Data segment >>
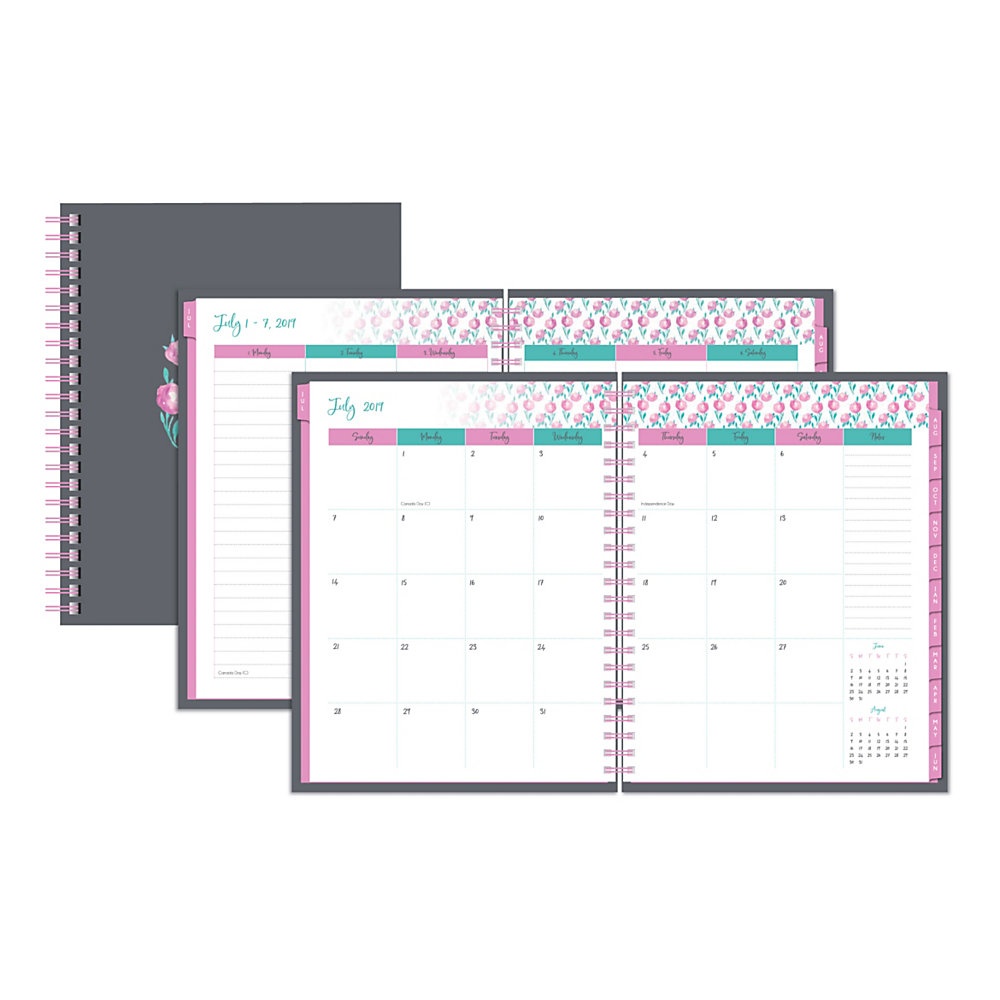 slide 1 of 1, Office Depot Brand Weekly/Monthly Academic Planner, 8-1/2'' X 11'', Peonies, July 2019 To June 2020, 1 ct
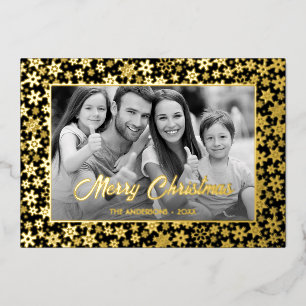 Family Photo Auto Convert pic to Black and White Foil Holiday Card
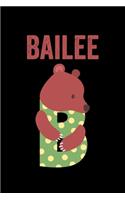 Bailee: Animals Coloring Book for Kids, Weekly Planner, and Lined Journal Animal Coloring Pages. Personalized Custom Name Initial Alphabet Christmas or Birt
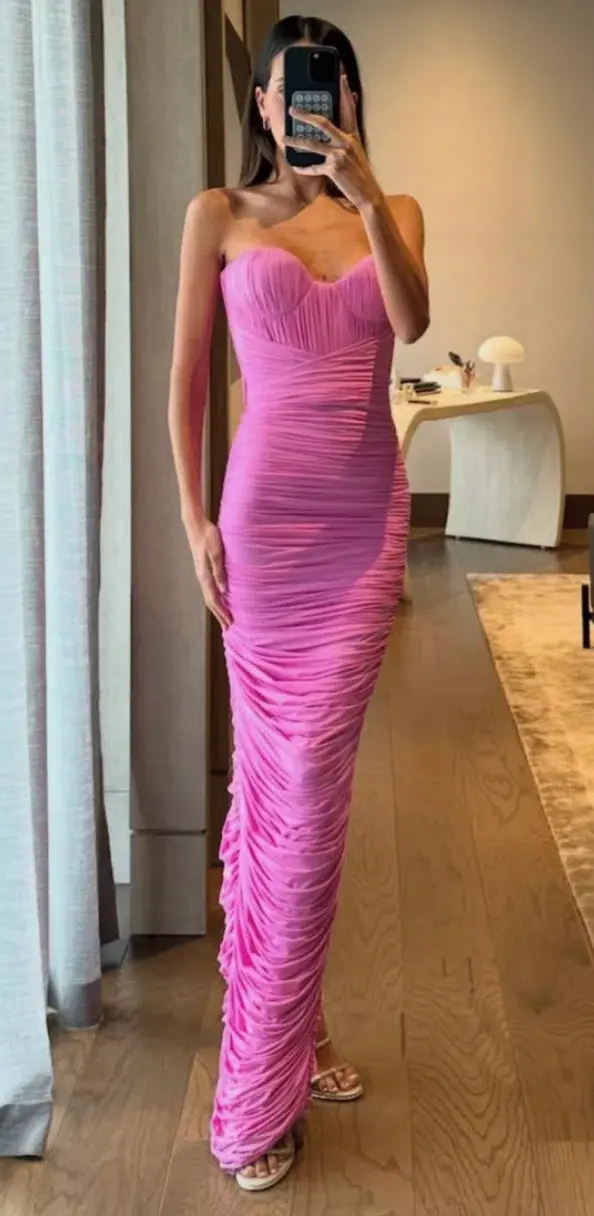 ALEX PERRY Prescott Lycra Ruched Cup Midi Dress with Gloves Pink AU 10 - Image 1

What is expected >> Where an image appears in the data, skip it, and return the rest verbatim.

Result for this exercise >>
 slide 1 of 1, Office Depot Brand Weekly/Monthly Academic Planner, 8-1/2'' X 11'', Peonies, July 2019 To June 2020, 1 ct
 Family Photo Auto Convert pic to Black and White Foil Holiday Card
 Bailee: Animals Coloring Book for Kids, Weekly Planner, and Lined Journal Animal Coloring Pages. Personalized Custom Name Initial Alphabet Christmas or Birt
 ALEX PERRY Prescott Lycra Ruched Cup Midi Dress with Gloves Pink AU 10 - Image 1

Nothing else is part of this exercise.